◆ **REQUIRED ACTION**: The answer is to be the lines below that lie between the line holding "Foto del edificio - 781 Greenwood Ave NE" and the line holding "Modern badrumsmöbelset med", inclusive, transcribed exactly and free of pictures.

◆ **INFORMATION SHOWN**:
___

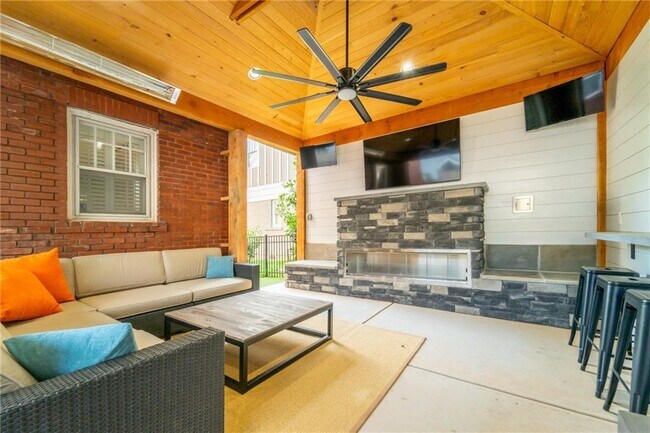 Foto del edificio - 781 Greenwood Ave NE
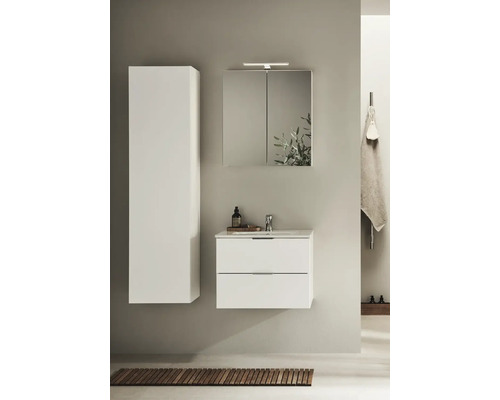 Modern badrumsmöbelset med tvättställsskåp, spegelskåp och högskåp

___

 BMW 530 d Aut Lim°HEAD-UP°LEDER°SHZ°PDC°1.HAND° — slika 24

___

◆ **ANSWER BELOW**:
 Foto del edificio - 781 Greenwood Ave NE
 Modern badrumsmöbelset med tvättställsskåp, spegelskåp och högskåp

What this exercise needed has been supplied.